Underlying the contentiousness is the fact that a temporary state income increase approved in 2011 is due to partially roll back in 2015. That represents the potential loss of a major revenue source while the state still has billions in unpaid bills.
Adding to the overall debate is yet another proposal, this one presented by House Speaker Mike Madigan, which would reduce the state corporate income tax by 50 percent (HR4479), from 7 percent to 3.5 percent in an effort to make Illinois more friendly to business.
The graduated tax plan being floated by House Democrats includes seven tax brackets and a top rate of 9 percent, raising taxes on all income over $18,000.
In January 2011, Illinois lawmakers increased the flat rate income tax on individuals to 5 percent from 3 percent and on corporations to 7 percent from 4.8 percent. They argued that the additional revenue was needed to pay down the state’s $8.5 billion backlog of unpaid bills and stabilize its economy.
The higher tax rates are slated to decrease in January 2015. The personal income tax is required to decrease to 3.75 percent from 5 percent and the corporate rate is required to decrease to 5.25 percent from 7 percent.
Recent revenue projections by the Commission on Government Forecasting and Accountability show that between fiscal year 2011 (the year the tax hike was implemented) and fiscal year 2015 (the year the tax hike is required to partially sunset), the tax hike will have generated a total of more than $31 billion in new revenue for the state.
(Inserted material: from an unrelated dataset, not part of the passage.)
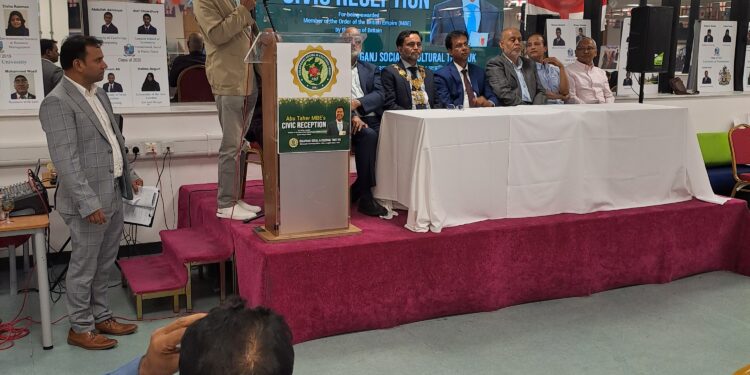ব্রিটিশ রাজা কর্তৃক এমবিই খেতাবে ভূষিত হওয়ায় কবি-নাট্যকার আবু তাহেরের লন্ডনে নাগরিক সম্বর্ধনা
Yet the state still has a backlog of $7.6 billion and one of the nation’s highest unemployment rates, according to the Illinois Policy Institute, a nonpartisan research organization that is against a graduated tax. The institute favors fixing the state’s financial crisis without increasing taxes or borrowing and releases a plan each spring, Director of Media Relations Diana Rickert said.
The institute said that under current Illinois law, the individual income tax rate will be 3.75 percent in 2015. Under the progressive tax-hike plan from Jakobsson, a higher 4 percent rate kicks in on any income of more than $18,000.
Her 5 percent tax rate applies to income earned after $36,000. When an Illinoisan earns more than $58,000, the Jakobsson tax rates jump to 6 percent, and again to 7 percent on income earned after $95,000 – nearly double the rate Illinoisans will pay in 2015.
Another progressive tax plan, developed by the union-funded Center for Tax and Budget Accountability, increases the tax rate for anyone who earns more than $5,000.
The top progressive tax rates vary in the states that have such a tax. In Georgia, the top tax rate of 6 percent is applied to all income earned above $7,000. In Idaho, the top rate of 7.4 percent kicks in at $10,350. And in Maine, the top rate of 6.84 percent starts at $20,900.